I think I could quite easily separate the baby from myself with it not being genetically mine, but I couldn't donate my eggs anonymously or not whoever was carrying them and know I had children in the world with my DNA I wasn't providing for.

That said I would need to really, really feel for the family /friend asking as I don't like being pregnant so it would really be a last chance thing lol, more practically than emotionally, it would be a big decision.
 
Once upon a time I would have said yes, after finishing having my own and knowing how difficult it can be to become pregnant after trying for 8 years (something just suddenly changed now I seem to become pregnant easily) I would have done it for someone else.
But after this pregnancy has been really hard on me with constant sickness and pain and barely being able to walk or lift my leg I really don't think I could go through pregnancy again even for myself let alone for anyone else.
 
I think, as many have said, it is an amazing thing to do and before I had my LO I thought it would be something I may do in the future.

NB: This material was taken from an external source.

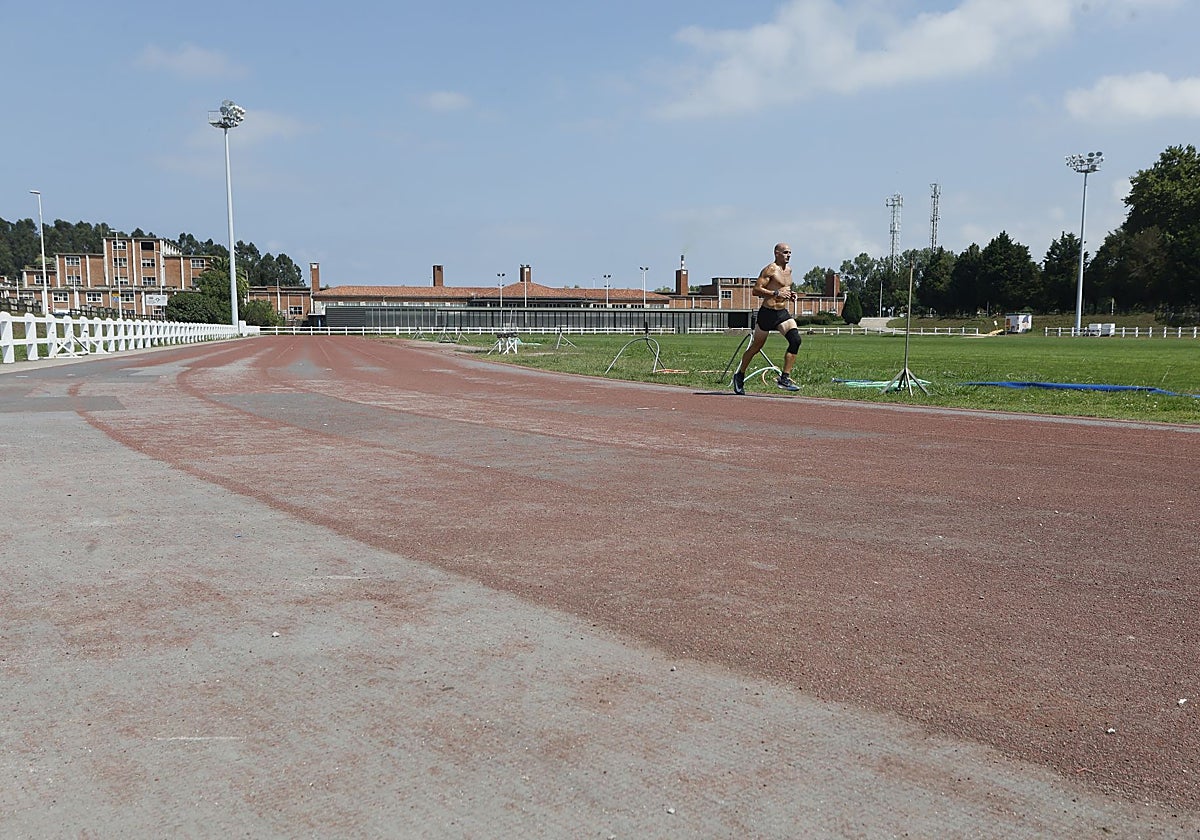 Torrelavega renovará la pista del Óscar Freire y la iluminación del Malecón
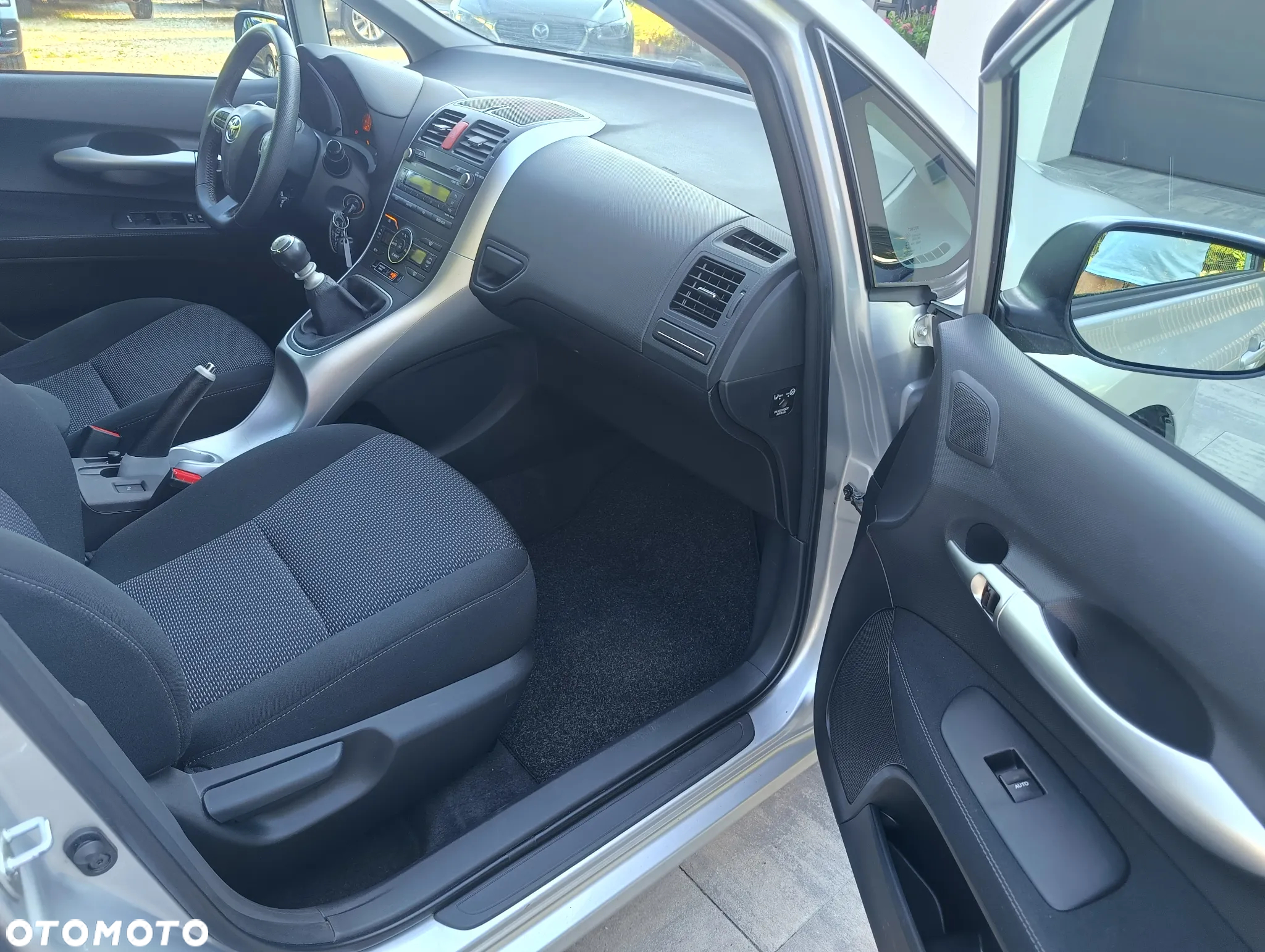 Toyota Auris 1.6 Premium - 11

But after the rush of love I felt for him, I don't think I would be able to trust myself to hand the baby over, so no, I wouldn't be able to.
 
If my sister or best friend asked, I can't say I wouldn't say no but not sure whether I would say yes either. I'm edging towards yes. (Since my sis is pregnant and my friend already has a LO, chances are they will never ask).

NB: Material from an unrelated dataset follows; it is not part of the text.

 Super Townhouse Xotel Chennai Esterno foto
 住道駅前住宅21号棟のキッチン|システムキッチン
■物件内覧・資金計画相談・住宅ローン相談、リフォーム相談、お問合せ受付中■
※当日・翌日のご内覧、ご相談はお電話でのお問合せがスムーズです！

I couldn't do it for anyone though. It would devastate me to go through pregnancy and labour then hand over a baby to someone else. I admire anyone who does it though.
 
No I wouldn't. I'd decline all requests including my sisters / and closest friend.

I only want one child, and I wanted a girl. Got my wish & now I'm done, very easy pregnancy but no desire to do it again for myself let alone someone else.
 
I have thought about this. I would love to give someone that gift. But I suffer from depression and need meds for that, so.... probably not.
 
I would do it for family/friends as long as it wasn't my eggs. I'm not sure about a stranger though.

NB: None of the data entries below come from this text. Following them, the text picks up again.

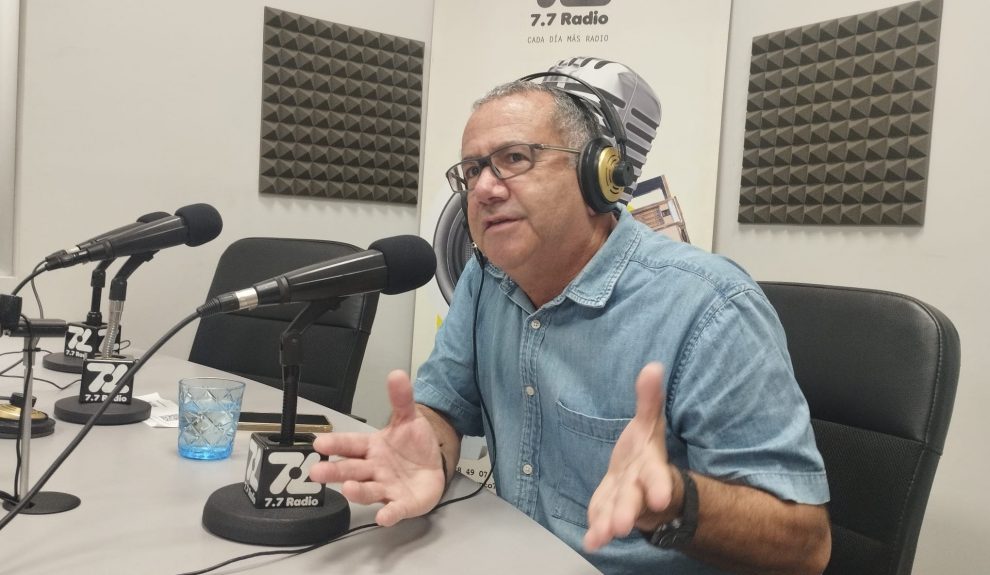 Juan Luis Calero en los estudios de El Espejo Canario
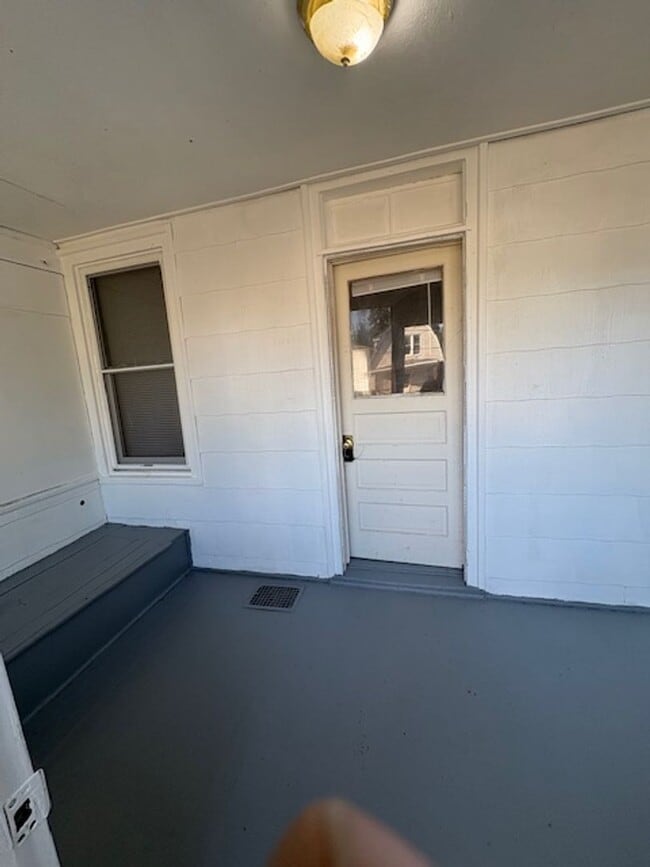 Photo - 2 Bedroom / 1 bathroom House in Peoria, IL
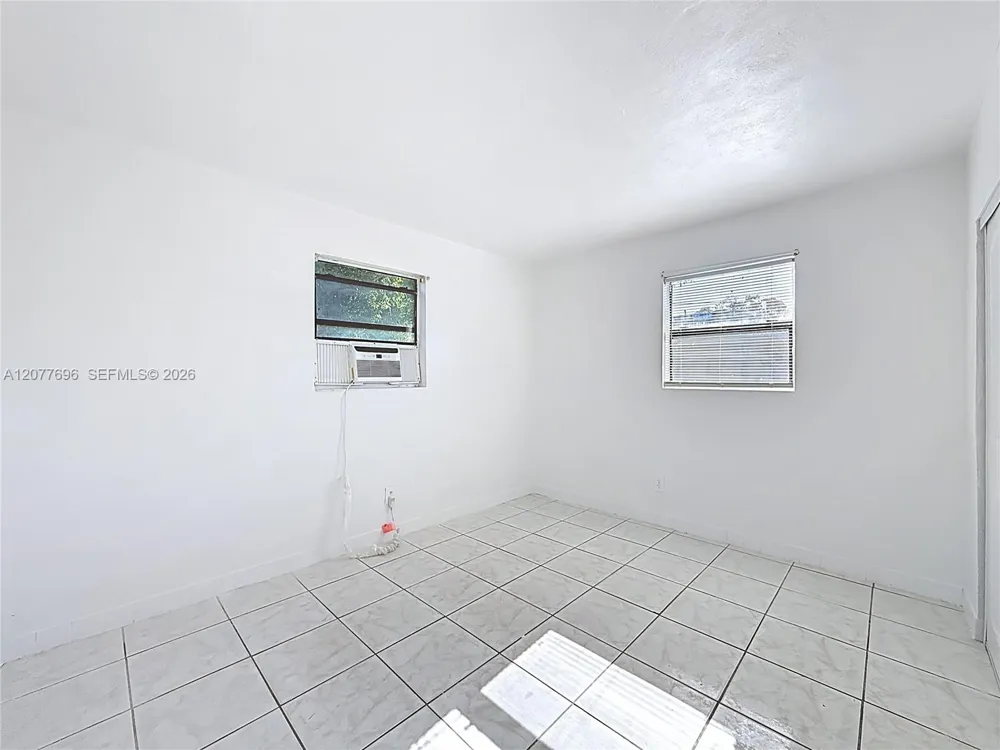 2419 NW 6th Ct Pompano Beach, FL 33069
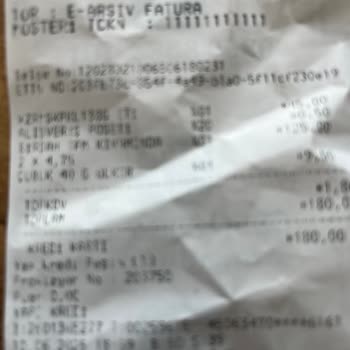 Aldığım Çubuk Krakerde Yanık Ve Acı Tat Sorunu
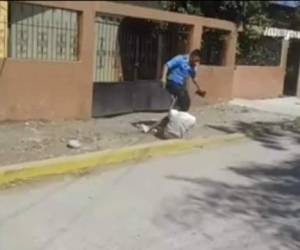 En las redes solicales se publicó el video que captó el accionar y los exabruptos que cometió el policía (Foto: MP/ El Heraldo Honduras/ Noticias de Honduras)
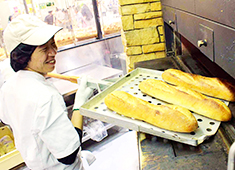 イオンベーカリー 株式会社 求人 店舗で生地から手作りする焼き立てパン。直接お客さまに提供し「美味しかった！」の声を聞いてください。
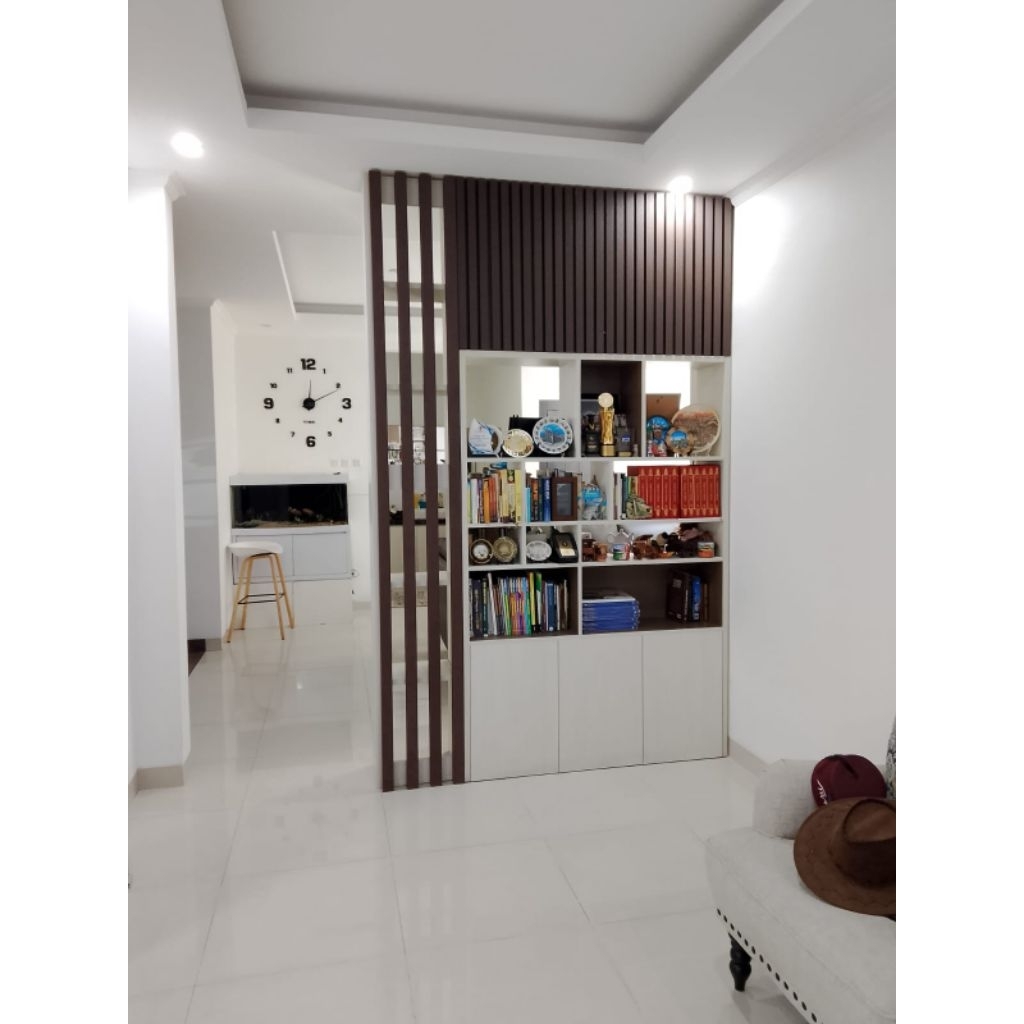 FURNITUR PENYEKAT RUANGAN / PENYEKAT RUANGAN / SEKAT RUANGAN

I've had really easy pregnancies and labour's so far so I think that probably helps. :)
 
I'd do it for a close friend or family deffinatly, I'm good friends with a couple who have tried for a baby for the last 5 years with no luck their fertility problems are unexplained to, they haven't done ivf yet but I've already told my oh if their still childless in 5 years time (they will be 38 and 40 at this point) then I'd happily be a surrogate for them and he's said he'd support the decision because they really are a lovely couple. I could never be a surrogate using my own eggs though as it would end up with me not handing over the baby because I'd know the baby was genetically mine.
 
I wish i could say yes but would become to attached. I was also very ill with hyperemesis while pregnant with lo and ended up in hospital twice on pills. My lo was worth it but dont think i could put that pressure on my family unless it was for another lo of our own. I couldent with my eggs as i couldent give away my biological child. I would worry about future implications with that child technically been my los sibling. I feel like a selfish person saying this. I really bonded with my lo in pregnancy so being honest with myself i dont think i could
 
yes if i had a sister who couldnt carry a child i definitely would. obviously with her egg and her partners sperm
 
My sister and I have always said we would do it for each other. But since having had one preemie, I'm not sure I'd be very good at it!